*** Opening of STORED DATA ***

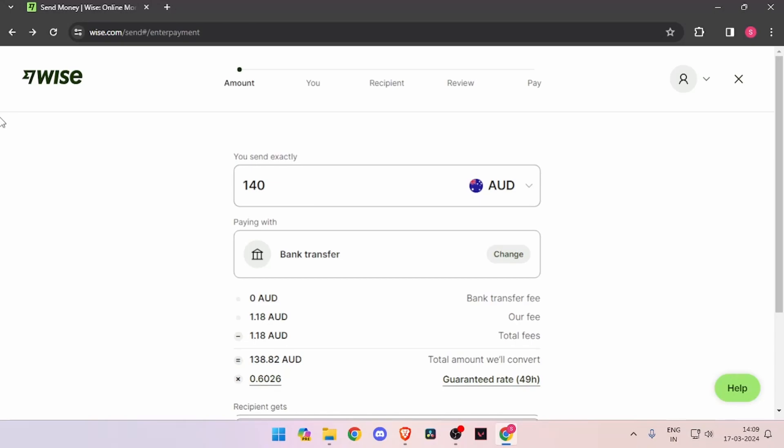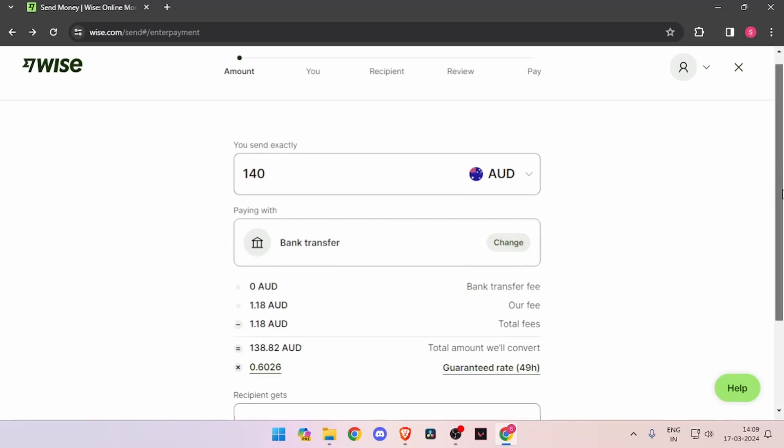In order to transfer money from Australia to Bhutan, you must have a Wise account. If you don't have one, you can easily create one for free. To transfer money, you have to enter the amount that you want to transfer.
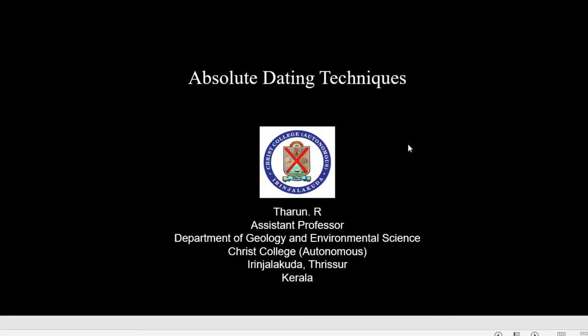Hello, good morning. In the last lecture we studied about carbon-14 dating, which can be used for relatively younger geological settings. Today we are going to study about uranium-lead, thorium dating, and potassium-argon dating.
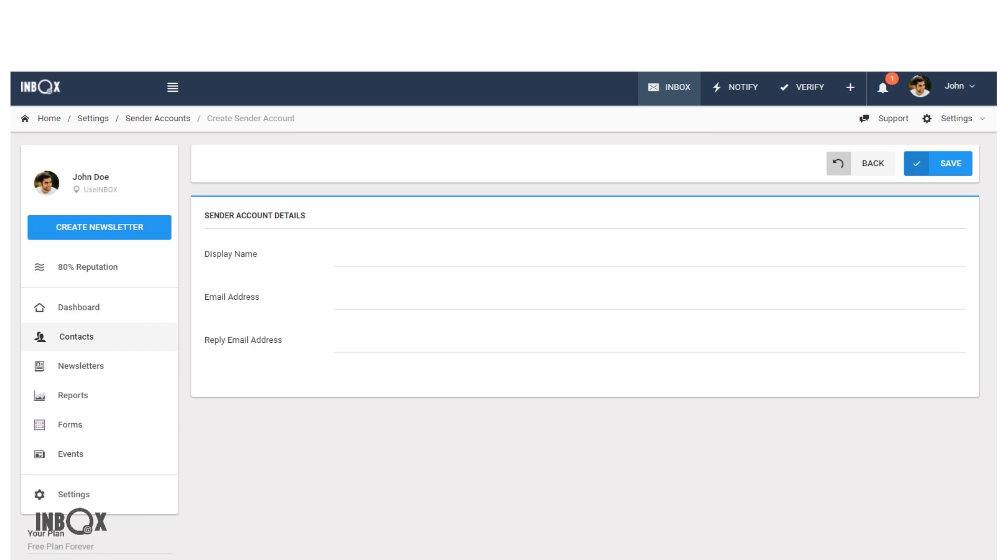In the email address section, write the email address from which you will send your newsletters or campaigns.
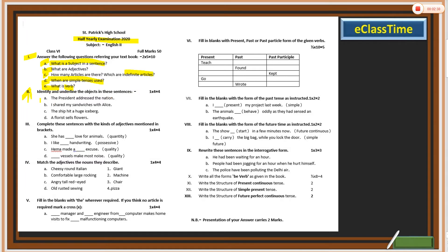Number two: identify and underline the objects in the sentences. These are from the exercises and should be answered carefully. For example: 'The president addressed the nation' — which is the object? Write the full sentence and underline it. Similarly: 'I shared my sandwich with Elish,' 'The ship hit a huge iceberg' — underline the object. Also: 'The floor seller sells flowers' — underline the object.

*** Close of STORED DATA ***

#### [PROBLEM DESCRIPTION]
Please reproduce all the material exactly. Pictures stay out of the copy.

#### [WORKED SOLUTION]
In order to transfer money from Australia to Bhutan, you must have a Wise account. If you don't have one, you can easily create one for free. To transfer money, you have to enter the amount that you want to transfer.
Hello, good morning. In the last lecture we studied about carbon-14 dating, which can be used for relatively younger geological settings. Today we are going to study about uranium-lead, thorium dating, and potassium-argon dating.
In the email address section, write the email address from which you will send your newsletters or campaigns.
Number two: identify and underline the objects in the sentences. These are from the exercises and should be answered carefully. For example: 'The president addressed the nation' — which is the object? Write the full sentence and underline it. Similarly: 'I shared my sandwich with Elish,' 'The ship hit a huge iceberg' — underline the object. Also: 'The floor seller sells flowers' — underline the object.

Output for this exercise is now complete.